As the air is cooled, it becomes unable to hold onto the moisture that it picked up in the dryer drum. This water condenses out of the air and is collected in a collection tank.
Heat Pump Dryer
Here we return to our refrigerant coils. As you now know, the narrow tubes in the compressor side heat the air entering the dryer. Well, these coils extend into the other side of the heat pump, the condenser side. Here, the coils become wider.
Wider coils mean that the coolant is not so pressurized and its temperature decreases. The nature of the coolant allows a significant temperature change associated with a relatively small change in volume and pressure.
As air passes over these coils, heat is transferred down the temperature gradient from the air to the coils.
Once again, the colder air holds less water, so the moisture condenses out and is collected in a tank.
Regardless of whether the dryer is a condenser or a heat pump model, the water container needs to be emptied as regularly as required by the exact dryer model, but after each load is a safe bet.
Some ventless dryers come with the option of connecting a drainage hose.
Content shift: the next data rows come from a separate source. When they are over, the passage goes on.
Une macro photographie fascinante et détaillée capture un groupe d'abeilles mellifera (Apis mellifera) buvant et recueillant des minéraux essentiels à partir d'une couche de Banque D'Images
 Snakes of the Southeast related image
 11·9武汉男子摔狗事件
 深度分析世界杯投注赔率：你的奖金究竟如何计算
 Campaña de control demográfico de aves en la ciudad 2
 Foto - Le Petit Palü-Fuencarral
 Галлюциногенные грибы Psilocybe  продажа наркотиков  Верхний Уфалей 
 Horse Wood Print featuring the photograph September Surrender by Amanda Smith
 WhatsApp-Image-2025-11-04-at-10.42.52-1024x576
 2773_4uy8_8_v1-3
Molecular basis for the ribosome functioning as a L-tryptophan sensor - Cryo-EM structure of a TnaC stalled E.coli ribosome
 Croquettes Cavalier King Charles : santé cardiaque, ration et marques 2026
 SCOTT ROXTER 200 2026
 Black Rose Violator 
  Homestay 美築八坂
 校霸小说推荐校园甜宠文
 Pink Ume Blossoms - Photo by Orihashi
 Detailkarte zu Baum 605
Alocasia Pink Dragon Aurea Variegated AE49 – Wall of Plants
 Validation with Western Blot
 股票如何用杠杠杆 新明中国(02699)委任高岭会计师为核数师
Then, instead of the condensed water collecting in the tank, it is drained out directly into a drainage pipe, drain, laundry sink, or whatever else you have available.
Air is Re-heated and Enters Drum Again
The cooled air in a ventless dryer is not just released and more pulled in from the room. Vented dryers constantly pull new air in from the room in which they are installed. This is bad for the energy efficiency of your HVAC system, which has a hard time trying to maintain the indoor environment.
Instead, ventless dryers contribute to a more energy-efficient home by simply reusing the cooled air in the condenser. This air passes back over the heating element or compressor coils in a condenser and heat pump dryer, respectively.
From here, the whole process repeats until the laundry is dried.
Cycle Ends and Air Released
When the fabrics are completely dry, the air leaves the drum for the last time. It also passes into the condenser one last time.